L’inspiration situationniste de ce film est assez claire au vu du thème abordé que ce soit par la teneur des propos, avec certains néologismes qui y sont employés comme éducastrateur par exemple, ou que ce soit par l’esthétique qui s’en dégage (utilisation de noir et blanc, voix monocorde, utilisation de technique de détournement d’image).

La franchise de certains propos est également à souligner à l’image d’ « Enseignant, tu es une salope » ou d’autres propos (bien plus direct) tenu peu après et expliquant notamment de quoi l’enseignant est responsable. À là toute fin du film, deux phrases fortes en symboliques sont prononcées : « Les révolutionnaires seront des enfants où ne seront pas », « La révolution sera un jeu d’enfant où ne seras pas ». En effet, ces phrases revêtent d’un caractère symbolique fort étant donné qu’elles explicitent clairement que la révolution ne pourra se faire sans les enfants, la révolution en fin de compte ne pourra se produire en gardant les écoles.

Si on décortique un peu plus ce film, on peut observer qu’il ne se contente pas de parler exclusivement de l’école ou de remettre les enseignants à leur place. Il traite également de la place de l’enfant en tant que tel, dès sa naissance : « A la naissance, […] c’est l’adulte qui tient en main l’enfant, et non l’inverse ». Le film critique du coup à juste titre l’aliénation que font subir les adultes aux enfants « l’enfant n’est plus qu’un tondu parmi des chauves, un bègue parmi des muets ». Le film soulève du coup que l’enfant ne peut pas jouir librement de son enfance comme il l’entend, l’adulte le malaxe comme de la pâte à modeler pour le faire rentrer dans un moule, l’école lui facilitant le travail, et l’enseignant exécutant la tâche de s’assurer que l’enfant s’adapte au moule de son plein grès ou de force. Le film démontre du coup que la destinée d’un enfant et le rôle de l’école par la même occasion et de finir comme un adulte, c’est-à-dire de travailler, que ce soit pour un patron, un parti ou une cause. L’enfant fini dénaturalisé honteux de ces désirs, mais « prêt aux travaux forcé et à l’agonie quotidienne ». Afin d’arriver à ce destin funeste, la famille et l’école vont transmettre les « éléments para-moraux-militaire » qui feront de l’enfant un esclave, en somme, un adulte aliéné : « Tu vas penser comme un adulte, comme les chefs des adultes (citations de plusieurs noms de dirigeants moraux-autoritaire comme Jésus-Christ, Trotski, Castro ou encore George Marchais) ».

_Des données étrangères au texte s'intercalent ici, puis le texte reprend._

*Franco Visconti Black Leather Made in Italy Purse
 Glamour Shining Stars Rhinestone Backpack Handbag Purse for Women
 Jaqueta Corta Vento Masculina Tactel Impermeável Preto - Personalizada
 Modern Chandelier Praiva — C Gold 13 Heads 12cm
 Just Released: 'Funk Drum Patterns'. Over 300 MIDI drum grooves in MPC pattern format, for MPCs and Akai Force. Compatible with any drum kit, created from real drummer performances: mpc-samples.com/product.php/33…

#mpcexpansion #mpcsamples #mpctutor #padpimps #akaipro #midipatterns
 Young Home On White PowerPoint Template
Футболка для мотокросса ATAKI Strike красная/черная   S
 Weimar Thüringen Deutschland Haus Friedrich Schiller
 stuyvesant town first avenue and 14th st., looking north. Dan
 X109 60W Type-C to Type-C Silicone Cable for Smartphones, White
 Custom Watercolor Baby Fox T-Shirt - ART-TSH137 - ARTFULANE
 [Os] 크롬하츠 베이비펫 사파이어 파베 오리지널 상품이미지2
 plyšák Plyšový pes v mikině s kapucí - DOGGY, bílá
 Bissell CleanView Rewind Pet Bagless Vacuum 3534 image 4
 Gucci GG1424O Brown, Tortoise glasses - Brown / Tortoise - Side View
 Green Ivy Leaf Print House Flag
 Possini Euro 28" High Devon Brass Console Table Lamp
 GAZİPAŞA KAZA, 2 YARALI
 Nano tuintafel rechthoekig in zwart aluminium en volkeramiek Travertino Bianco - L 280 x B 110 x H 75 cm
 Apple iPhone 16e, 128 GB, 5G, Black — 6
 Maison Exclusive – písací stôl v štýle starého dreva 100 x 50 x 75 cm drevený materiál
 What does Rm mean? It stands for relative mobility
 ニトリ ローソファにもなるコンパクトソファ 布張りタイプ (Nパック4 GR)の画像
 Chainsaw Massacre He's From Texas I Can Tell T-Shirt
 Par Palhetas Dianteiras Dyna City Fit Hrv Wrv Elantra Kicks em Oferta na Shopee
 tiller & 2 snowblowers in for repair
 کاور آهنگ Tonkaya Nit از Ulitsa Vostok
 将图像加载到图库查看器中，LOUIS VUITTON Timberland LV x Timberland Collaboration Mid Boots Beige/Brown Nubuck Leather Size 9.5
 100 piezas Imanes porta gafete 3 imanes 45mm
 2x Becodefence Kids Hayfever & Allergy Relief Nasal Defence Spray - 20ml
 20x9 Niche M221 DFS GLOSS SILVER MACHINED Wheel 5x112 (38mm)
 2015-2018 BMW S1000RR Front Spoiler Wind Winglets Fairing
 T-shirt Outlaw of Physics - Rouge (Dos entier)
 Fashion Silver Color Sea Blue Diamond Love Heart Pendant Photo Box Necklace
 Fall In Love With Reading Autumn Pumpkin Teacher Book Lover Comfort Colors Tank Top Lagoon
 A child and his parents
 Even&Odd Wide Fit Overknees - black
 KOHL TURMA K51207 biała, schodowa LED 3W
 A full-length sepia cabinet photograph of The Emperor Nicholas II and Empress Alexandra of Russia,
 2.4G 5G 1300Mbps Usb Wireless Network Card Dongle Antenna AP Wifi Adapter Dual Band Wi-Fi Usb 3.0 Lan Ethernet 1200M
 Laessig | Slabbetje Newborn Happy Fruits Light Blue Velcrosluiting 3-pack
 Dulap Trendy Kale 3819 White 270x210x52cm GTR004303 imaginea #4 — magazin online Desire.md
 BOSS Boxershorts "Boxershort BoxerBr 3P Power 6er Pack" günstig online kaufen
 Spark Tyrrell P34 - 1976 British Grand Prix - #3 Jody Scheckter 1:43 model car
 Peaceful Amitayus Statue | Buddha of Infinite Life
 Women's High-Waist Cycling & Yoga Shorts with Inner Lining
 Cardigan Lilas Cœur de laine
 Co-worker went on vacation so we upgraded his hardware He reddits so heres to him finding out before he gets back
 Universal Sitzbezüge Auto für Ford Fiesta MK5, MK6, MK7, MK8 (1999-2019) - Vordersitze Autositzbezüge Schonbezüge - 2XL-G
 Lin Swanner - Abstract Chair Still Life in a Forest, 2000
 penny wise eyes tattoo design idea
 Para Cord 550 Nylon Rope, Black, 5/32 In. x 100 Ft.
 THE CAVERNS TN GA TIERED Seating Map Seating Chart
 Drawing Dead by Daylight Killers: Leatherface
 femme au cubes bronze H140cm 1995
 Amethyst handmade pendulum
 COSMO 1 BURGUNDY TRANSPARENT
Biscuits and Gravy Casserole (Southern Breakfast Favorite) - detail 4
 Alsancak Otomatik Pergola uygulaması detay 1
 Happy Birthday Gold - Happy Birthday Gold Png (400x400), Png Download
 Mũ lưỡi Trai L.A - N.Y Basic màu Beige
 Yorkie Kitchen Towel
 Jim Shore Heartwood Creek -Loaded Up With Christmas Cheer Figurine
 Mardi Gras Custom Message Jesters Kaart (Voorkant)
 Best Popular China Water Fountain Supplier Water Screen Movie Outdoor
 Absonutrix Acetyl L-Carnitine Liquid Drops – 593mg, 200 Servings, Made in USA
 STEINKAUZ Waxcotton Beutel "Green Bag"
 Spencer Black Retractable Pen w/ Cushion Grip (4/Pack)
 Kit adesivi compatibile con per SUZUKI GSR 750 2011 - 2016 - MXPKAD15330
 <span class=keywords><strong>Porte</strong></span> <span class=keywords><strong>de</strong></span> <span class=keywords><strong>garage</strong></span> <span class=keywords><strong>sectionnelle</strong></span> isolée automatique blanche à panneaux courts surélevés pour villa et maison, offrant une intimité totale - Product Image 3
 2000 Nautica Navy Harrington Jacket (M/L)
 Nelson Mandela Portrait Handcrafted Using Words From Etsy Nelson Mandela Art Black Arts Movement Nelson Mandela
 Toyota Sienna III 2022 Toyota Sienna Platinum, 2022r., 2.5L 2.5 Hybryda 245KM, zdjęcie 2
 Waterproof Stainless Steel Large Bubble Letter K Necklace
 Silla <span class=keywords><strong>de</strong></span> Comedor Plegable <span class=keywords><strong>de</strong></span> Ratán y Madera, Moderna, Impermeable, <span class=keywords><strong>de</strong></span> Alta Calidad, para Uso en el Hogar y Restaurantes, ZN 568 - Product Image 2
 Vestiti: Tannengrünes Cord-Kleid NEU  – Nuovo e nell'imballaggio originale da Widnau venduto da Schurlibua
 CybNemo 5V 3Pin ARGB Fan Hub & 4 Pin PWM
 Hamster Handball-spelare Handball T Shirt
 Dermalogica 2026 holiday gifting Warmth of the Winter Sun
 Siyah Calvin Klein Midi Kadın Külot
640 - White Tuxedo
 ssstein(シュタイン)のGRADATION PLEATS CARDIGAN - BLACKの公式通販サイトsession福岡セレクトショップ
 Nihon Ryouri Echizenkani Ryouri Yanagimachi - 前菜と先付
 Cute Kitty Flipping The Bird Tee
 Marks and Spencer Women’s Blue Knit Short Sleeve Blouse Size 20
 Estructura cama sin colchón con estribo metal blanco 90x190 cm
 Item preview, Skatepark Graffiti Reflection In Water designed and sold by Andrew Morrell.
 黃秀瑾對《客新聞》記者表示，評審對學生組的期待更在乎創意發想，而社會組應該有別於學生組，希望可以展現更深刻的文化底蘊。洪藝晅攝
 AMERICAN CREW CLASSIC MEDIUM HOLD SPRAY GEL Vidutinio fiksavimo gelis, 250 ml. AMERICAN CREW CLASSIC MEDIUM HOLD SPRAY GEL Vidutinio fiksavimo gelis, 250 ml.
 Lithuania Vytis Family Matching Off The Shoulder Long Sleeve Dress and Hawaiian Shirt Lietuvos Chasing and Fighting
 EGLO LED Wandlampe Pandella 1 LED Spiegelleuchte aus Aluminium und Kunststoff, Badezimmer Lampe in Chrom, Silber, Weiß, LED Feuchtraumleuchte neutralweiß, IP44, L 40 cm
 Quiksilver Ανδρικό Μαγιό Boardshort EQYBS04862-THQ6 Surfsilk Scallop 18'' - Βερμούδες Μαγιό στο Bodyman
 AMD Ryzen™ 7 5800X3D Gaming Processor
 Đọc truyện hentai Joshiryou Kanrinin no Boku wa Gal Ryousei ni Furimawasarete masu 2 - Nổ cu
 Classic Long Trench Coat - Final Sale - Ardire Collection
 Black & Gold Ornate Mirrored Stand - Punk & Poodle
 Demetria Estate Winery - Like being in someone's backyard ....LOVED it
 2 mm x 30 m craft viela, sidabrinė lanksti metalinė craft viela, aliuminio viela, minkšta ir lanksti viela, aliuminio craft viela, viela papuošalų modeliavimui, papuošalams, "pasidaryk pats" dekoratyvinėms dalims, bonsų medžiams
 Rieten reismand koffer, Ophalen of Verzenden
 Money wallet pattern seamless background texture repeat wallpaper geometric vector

L’enseignant, en exécutant cette tâche de dénaturaliser l’enfant est également responsable. Ce que Jules Celma n’hésite pas à souligner, car que l’enseignant soit de gauche ou de droite (quelle différence à vrai dire quand on parle d’un enseignant ?), il reste « tristement vieux et con ». De plus, l’enseignant sera toujours placé en tête des fonctionnaires satisfaits de par le respect qu’il donne à sa hiérarchie, mais également de par le respect dont il honore l’école républicaine et qu’il s’évertue même à défendre lors de grandes processions syndicales ritualisées. Et ce peu importe qu’il soit réactionnaire, syndicaliste, avant-gardiste ou réformiste. En réalité pour ce film, l’enseignant est : « insectisidement nuisible, car tu (l’enseignant) es dangereux pour l’espèce humaine, car c’est toi qui as construit les écoles et les camps de concentration, car c’est toi qui as noyé les marins de Kronstadt, car c’est toi qui as assassiné Nestor Makno […] ».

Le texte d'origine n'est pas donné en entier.